Output all entries verbatim, dropping pictures.
● ● ● ●
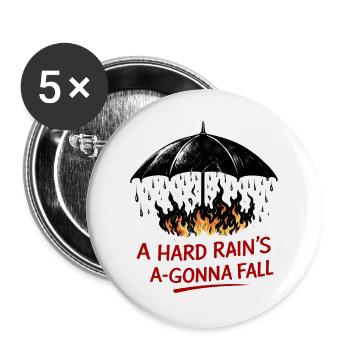 Feuer Regeb under Regenschirm - Buttons groß 56 mm (5er Pack) - Weiß - Vorne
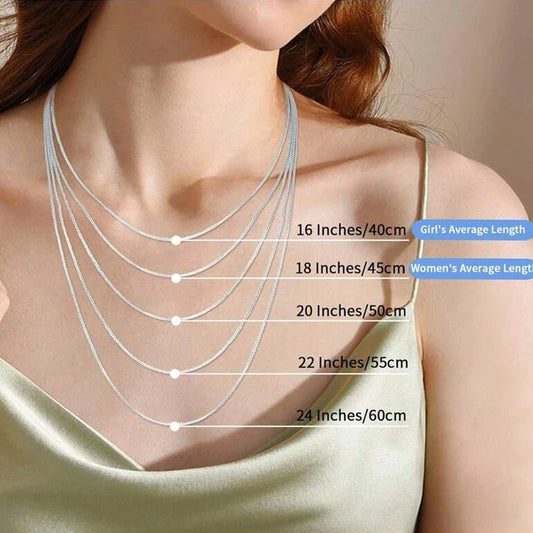925 Sterling Silver Thin Chain Necklace – 0.8mm Link with Lobster Clasp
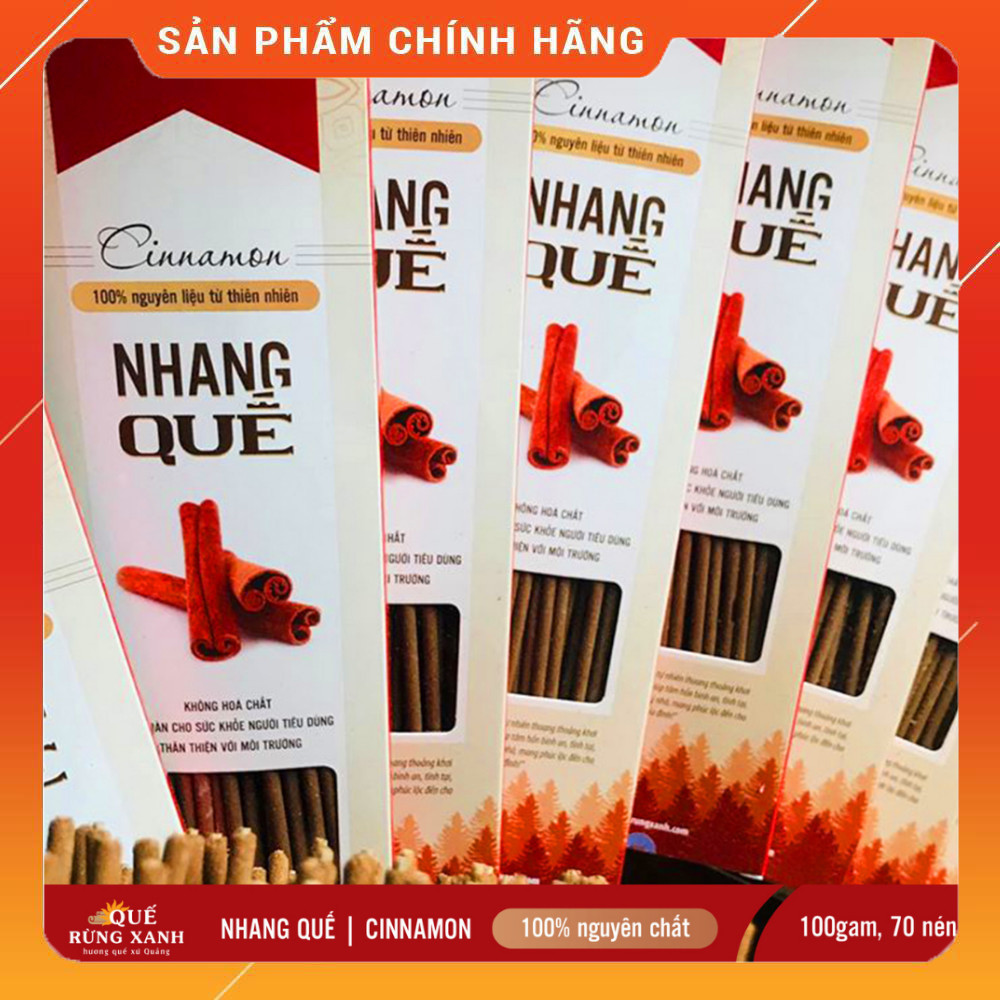 Nhang Quế Rừng Xanh - Quế nguyên chất, hương quế rừng tự nhiên, thanh lọc không khí, không gây độc hại đến sức khỏe, giúp tin thần thoải mái - 100% nguyên chất - Hàng chính hãng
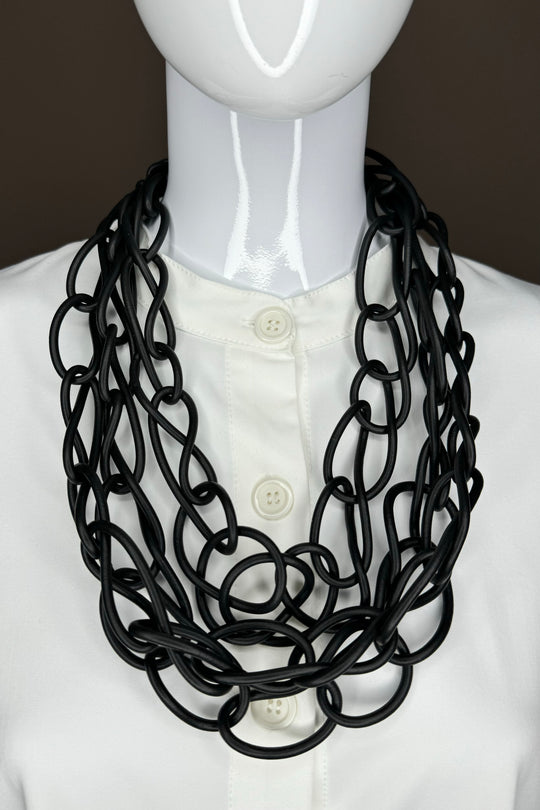 Black Short Chain Rubber Necklace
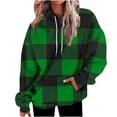 thumbnail image 1 of QUINDOS Women Hoodie Button Plaid Womens Sweatshirts Casual Long Sleeve Graphic Crew Neck Pullover Tops, 1 of 4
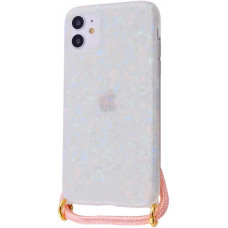 Чехол на шнурке STR Confetti Jelly Case with Cord (TPU) iPhone 11 Pro - White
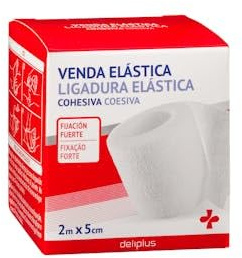 Venda elástica cohesiva fijación fuerte 2 m x 5 cm Caja 1 ud.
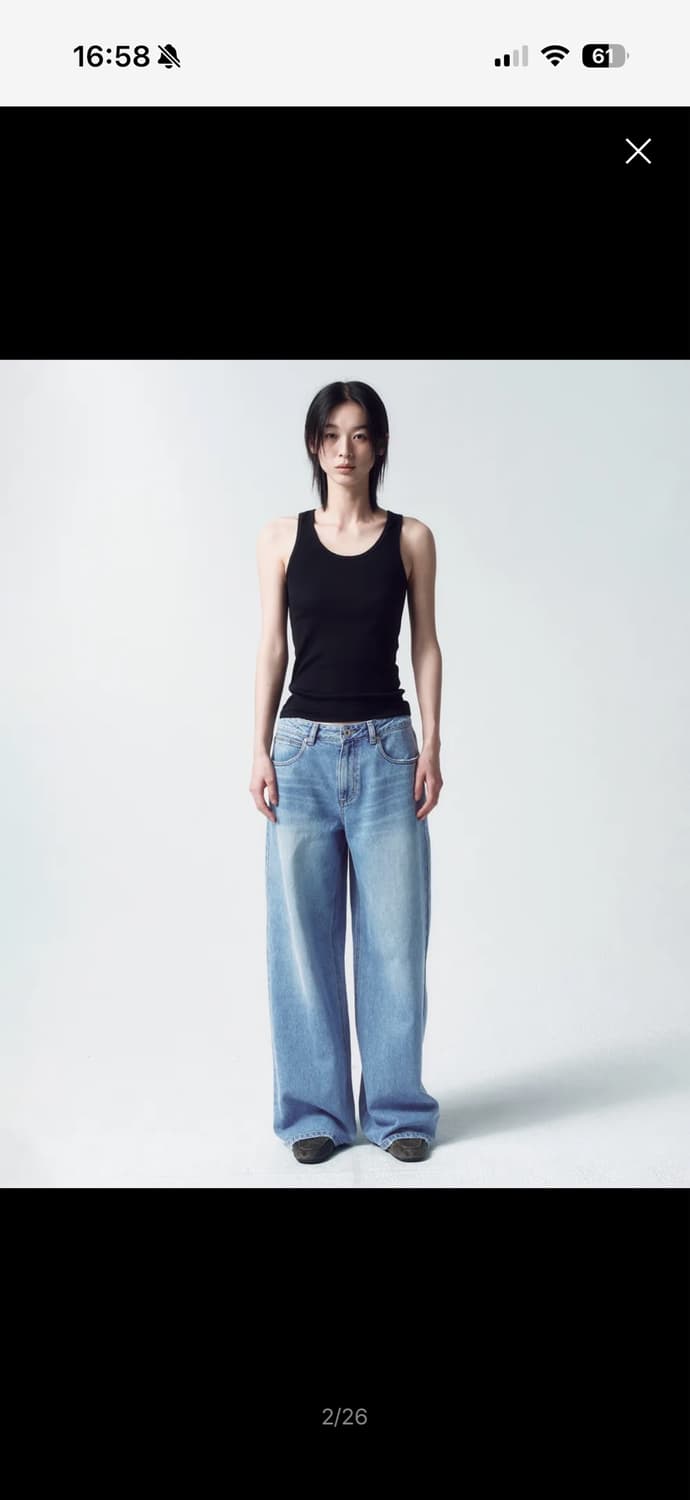 인사일런스우먼 로우 웨이스트 와이드 진 BLUE 상품이미지1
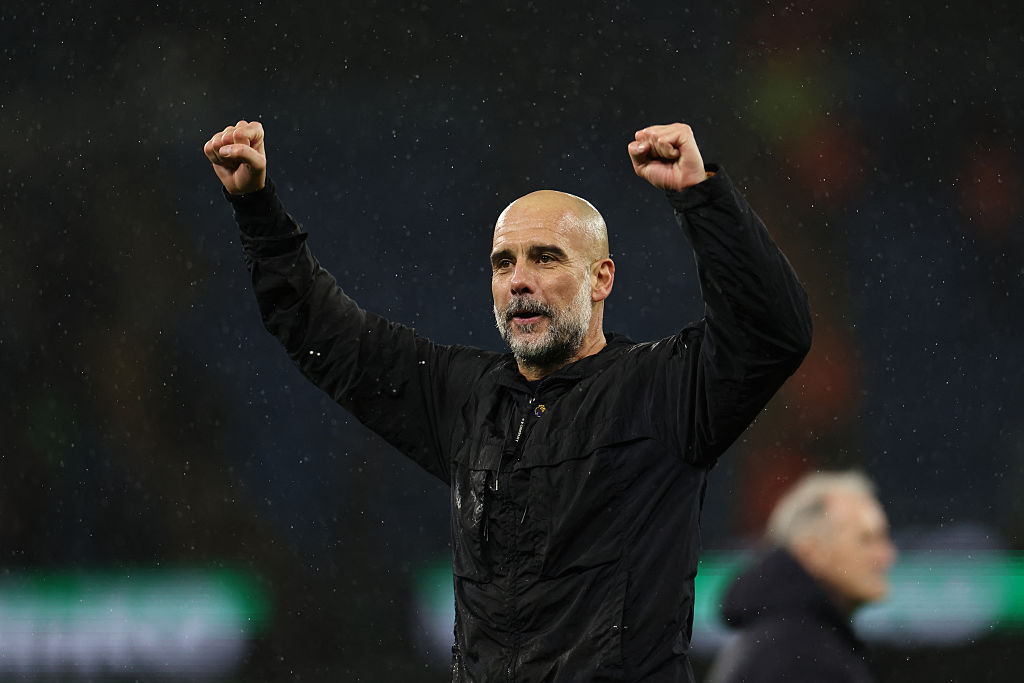 Pep Guardiola celebrates after Man City's win over Newcastle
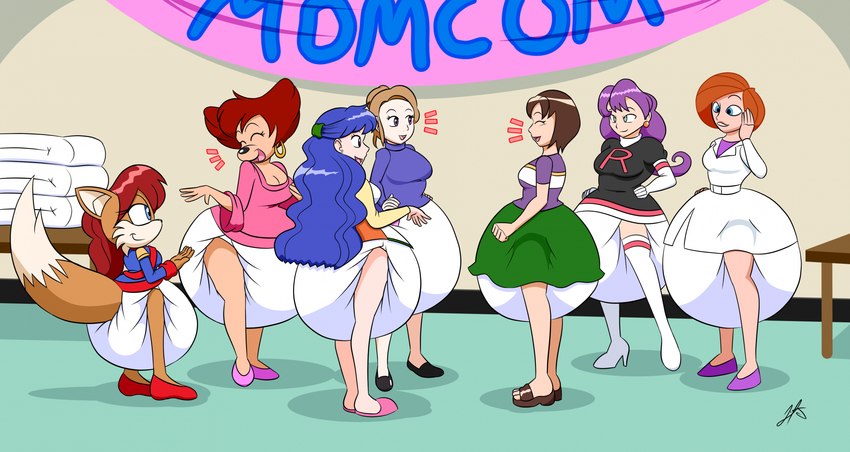 anthro breasts cleavage clothed clothing diaper ear_piercing ear_ring female group haruka_hikari hoop_ear_ring ikuko_tsukino mature_anthro mature_female miyamoto_(pokemon) piercing ring_piercing wearing_diaper liljdude bandai_namco capcom digimon disney goof_troop kim_possible mega_man_(series) nintendo pokemon sailor_moon_(series) ann_possible peg_pete rosemary_prower rumiko_nonaka canid canine canis domestic_dog fox human mammal hi_res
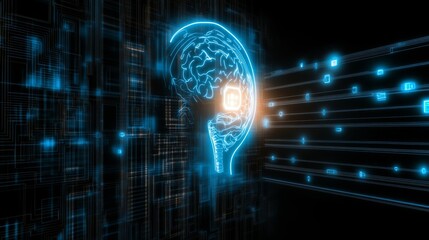 Neural security visualization with futuristic neural implant concepts in digital landscape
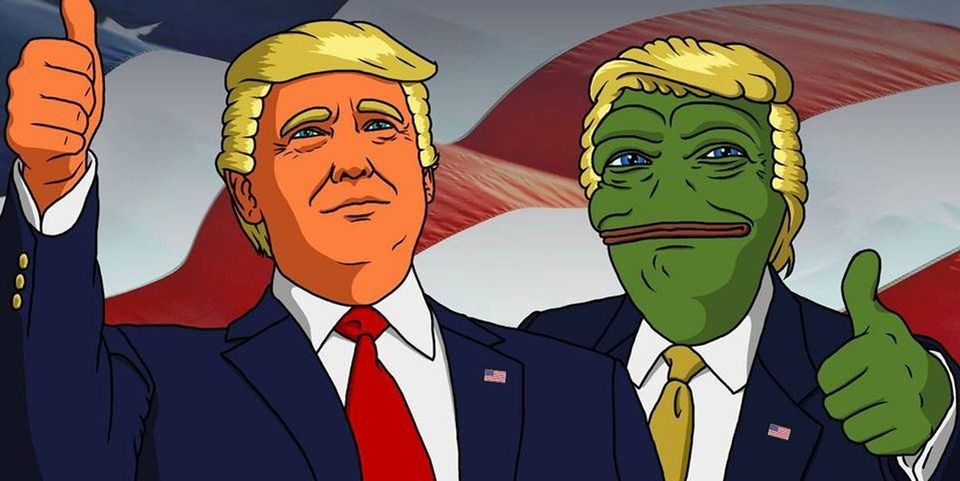 Pepe the Frog runs with Donald Trump's racist supporters
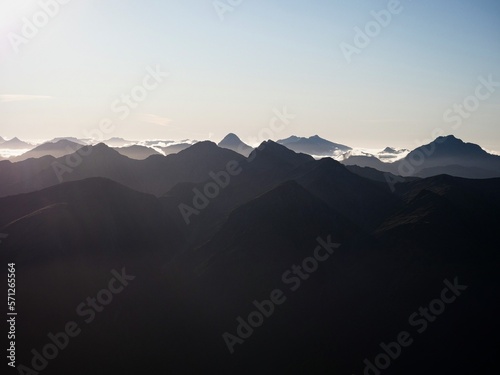 Alpine mountain silhouette layers nature landscape panorama from Brewster Hut West Coast Otago Southern Alps New Zealand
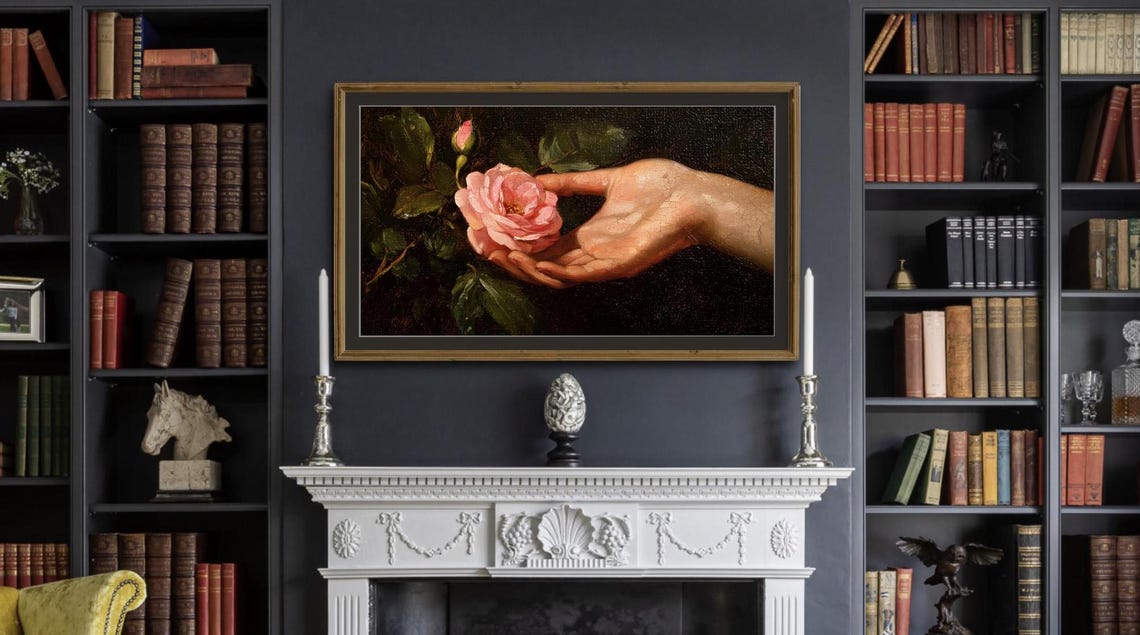 Hand Holding Pink Rose Dark Moody Vintage Floral Oil Painting Poster - Image 3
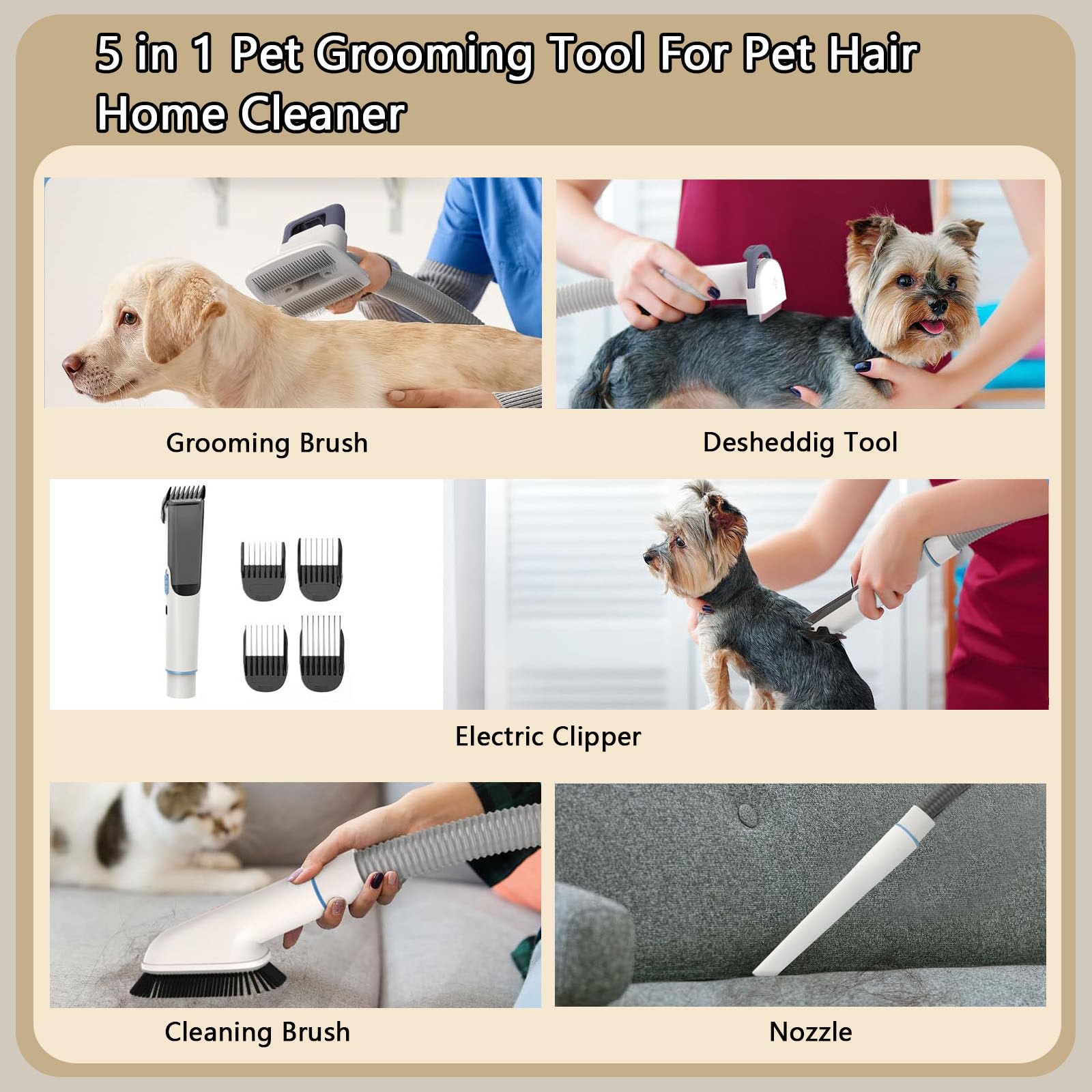 Aspiradora De Pelo Para Perros, Cepillo De Aspiradora Para Perros Para Mudar El Cuidado, Tres Niveles Ajustables, Viene Con Cinco Cabezales De Cepillo, Recogida De Succión Al Vacío De 9000 Pa
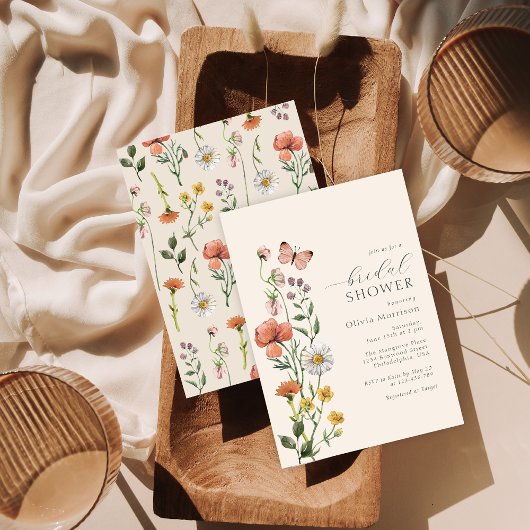 Invitation Script de Fête des mariées Fleur sauvage Boho Wate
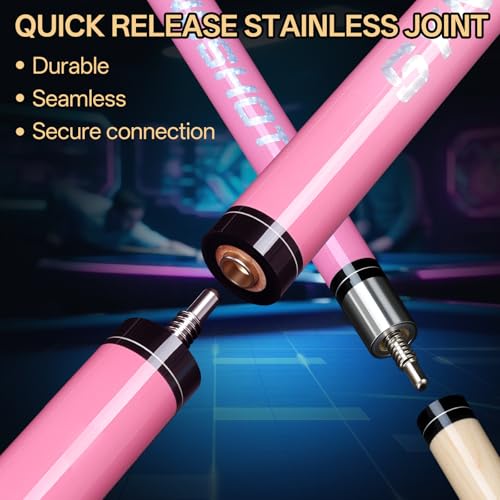 2 in 1 Heavy Break Jump Cue: 3-Piece Break Cue Pool Stick 58 Inch 21oz 14mm Pro Tips Fas-Grade Maple Wood Jump&Break Pool Cue Sticks (Pink, 19~22 oz)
● ● ● ●
■ Your response:
 Feuer Regeb under Regenschirm - Buttons groß 56 mm (5er Pack) - Weiß - Vorne
925 Sterling Silver Thin Chain Necklace – 0.8mm Link with Lobster Clasp
 Nhang Quế Rừng Xanh - Quế nguyên chất, hương quế rừng tự nhiên, thanh lọc không khí, không gây độc hại đến sức khỏe, giúp tin thần thoải mái - 100% nguyên chất - Hàng chính hãng
 Black Short Chain Rubber Necklace
 thumbnail image 1 of QUINDOS Women Hoodie Button Plaid Womens Sweatshirts Casual Long Sleeve Graphic Crew Neck Pullover Tops, 1 of 4
 Чехол на шнурке STR Confetti Jelly Case with Cord (TPU) iPhone 11 Pro - White
 Venda elástica cohesiva fijación fuerte 2 m x 5 cm Caja 1 ud.
 인사일런스우먼 로우 웨이스트 와이드 진 BLUE 상품이미지1
 Pep Guardiola celebrates after Man City's win over Newcastle
 anthro breasts cleavage clothed clothing diaper ear_piercing ear_ring female group haruka_hikari hoop_ear_ring ikuko_tsukino mature_anthro mature_female miyamoto_(pokemon) piercing ring_piercing wearing_diaper liljdude bandai_namco capcom digimon disney goof_troop kim_possible mega_man_(series) nintendo pokemon sailor_moon_(series) ann_possible peg_pete rosemary_prower rumiko_nonaka canid canine canis domestic_dog fox human mammal hi_res
 Neural security visualization with futuristic neural implant concepts in digital landscape
 Pepe the Frog runs with Donald Trump's racist supporters
 Alpine mountain silhouette layers nature landscape panorama from Brewster Hut West Coast Otago Southern Alps New Zealand
 Hand Holding Pink Rose Dark Moody Vintage Floral Oil Painting Poster - Image 3
 Aspiradora De Pelo Para Perros, Cepillo De Aspiradora Para Perros Para Mudar El Cuidado, Tres Niveles Ajustables, Viene Con Cinco Cabezales De Cepillo, Recogida De Succión Al Vacío De 9000 Pa
 Invitation Script de Fête des mariées Fleur sauvage Boho Wate
 2 in 1 Heavy Break Jump Cue: 3-Piece Break Cue Pool Stick 58 Inch 21oz 14mm Pro Tips Fas-Grade Maple Wood Jump&Break Pool Cue Sticks (Pink, 19~22 oz)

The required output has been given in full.